[[ Source material open ]]

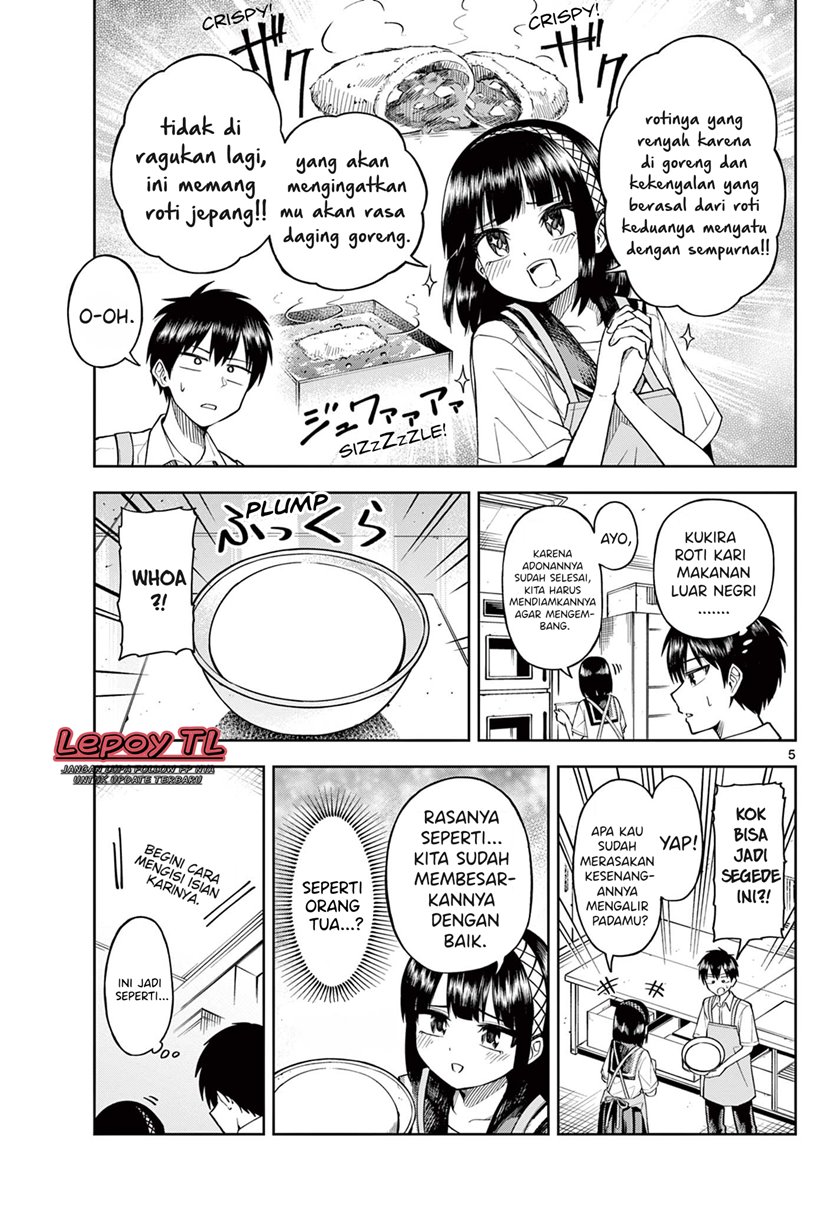 Lovely Bakery Chapter 00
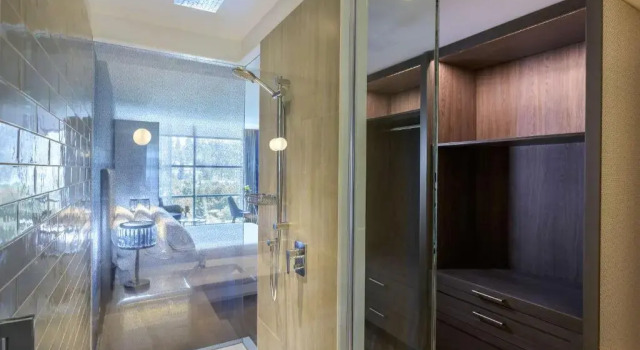 Двухместный номер Superior с красивым видом из окна NH Collection Santiago Casacostanera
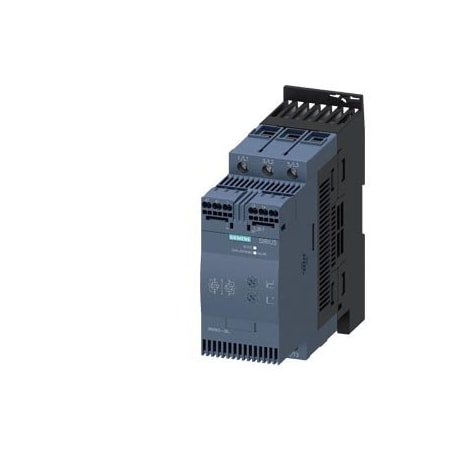 Siemens SIRIUS soft starter S2 45 A 22 kW/400 V 3RW3036-2BB04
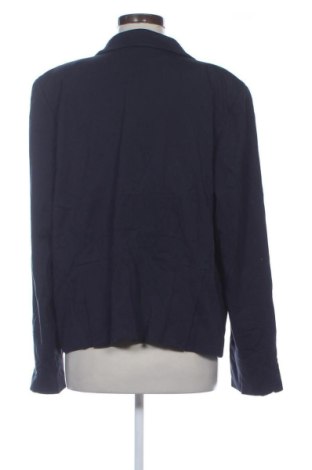 Дамско сако Unbranded, Размер XXL, Цвят Син, Цена 39,88 €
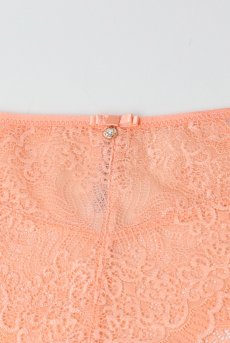 画像15: MARIBEL peach C511｜ブラジリアンショーツ・ピンク | ewabien エヴァビアン【サイズ交換NG・メール便対象】輸入下着・高級ランジェリー  (15)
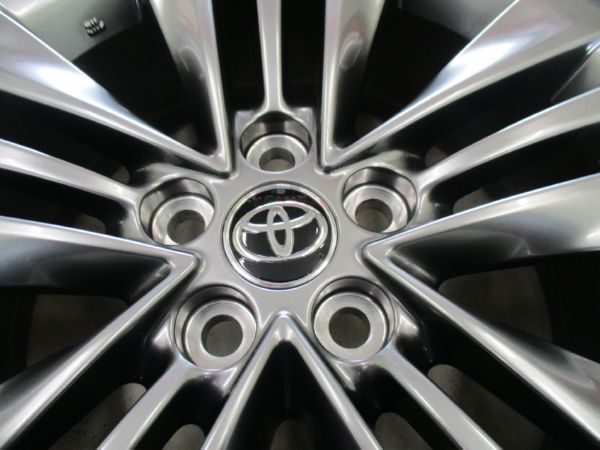 楽天市場】トヨタ 新型40系 アルファード ヴェルファイア 純正アルミ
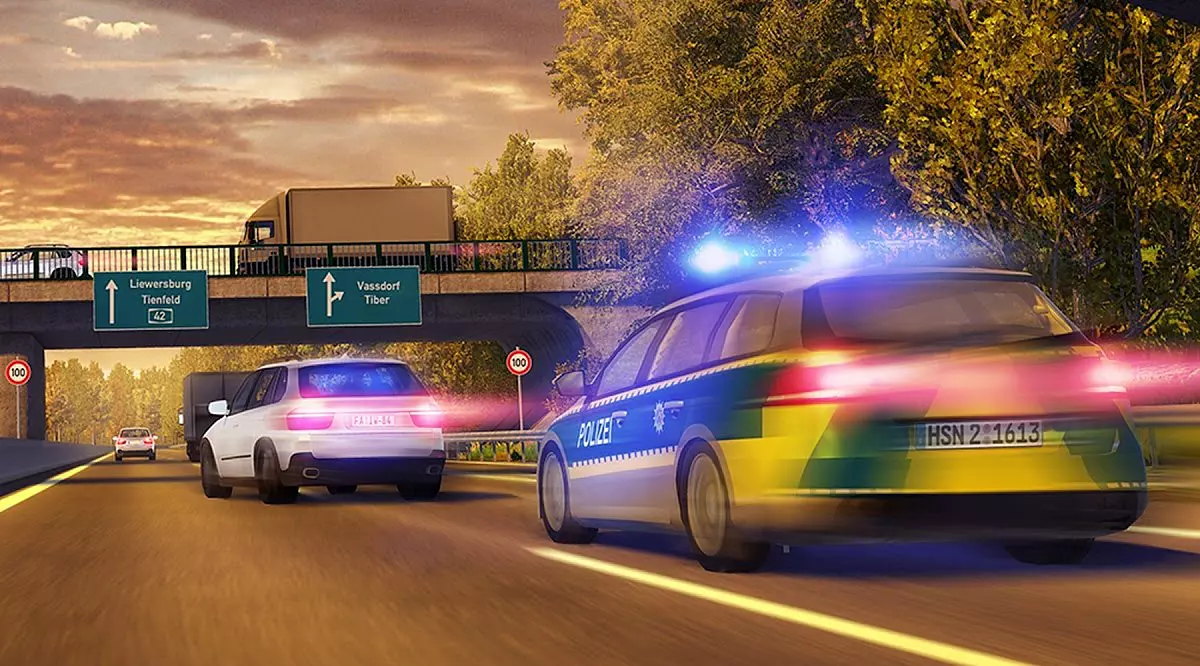 Autobahn Police Simulator 2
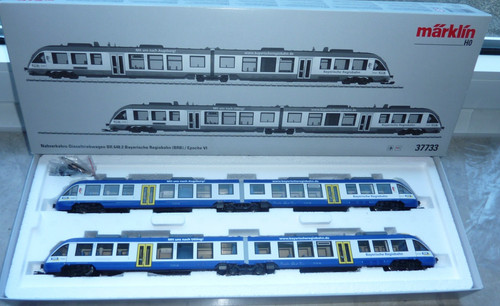 Märklin 37733 - märklin, h0
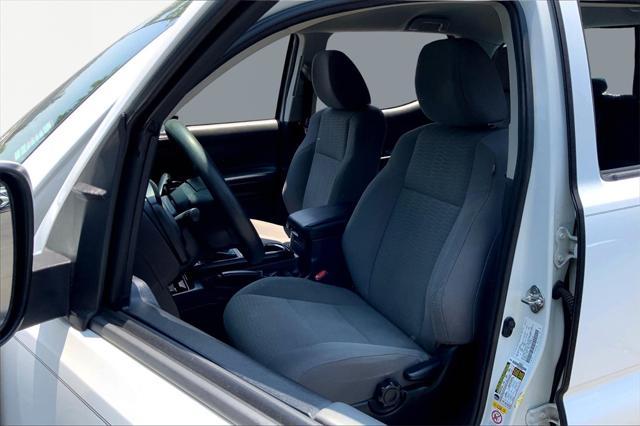 used 2018 Toyota Tacoma car, priced at $20,197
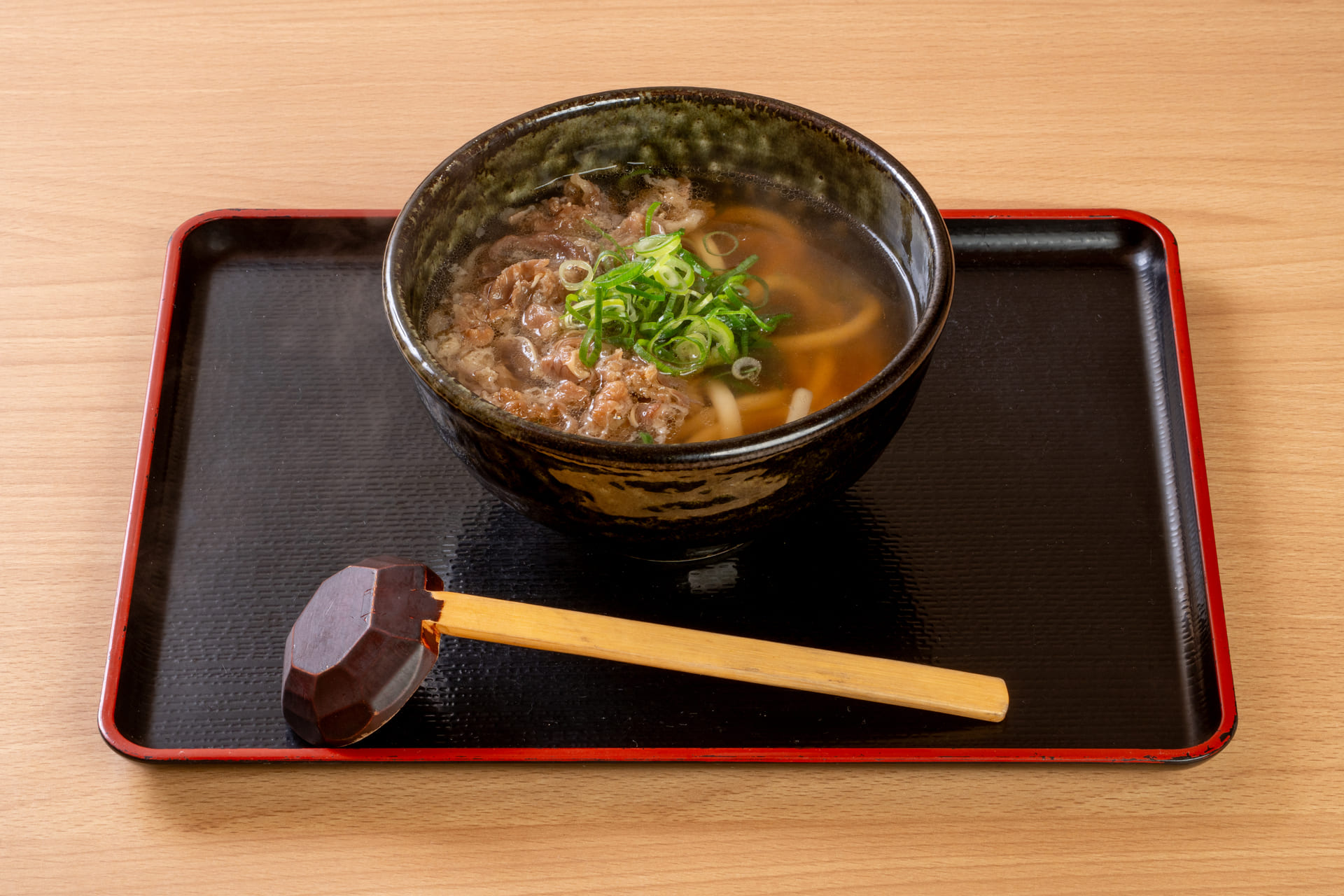 肉うどん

[[ Source material closed ]]

§ **Work order**: Print exactly the lines running from the start of the entries above to the line with "Дамско сако Unbranded, Размер", both included; leave out any pictures.

§ **Result of the exercise**:
 Lovely Bakery Chapter 00
 Двухместный номер Superior с красивым видом из окна NH Collection Santiago Casacostanera
 Siemens SIRIUS soft starter S2 45 A 22 kW/400 V 3RW3036-2BB04
 Дамско сако Unbranded, Размер XXL, Цвят Син, Цена 39,88 €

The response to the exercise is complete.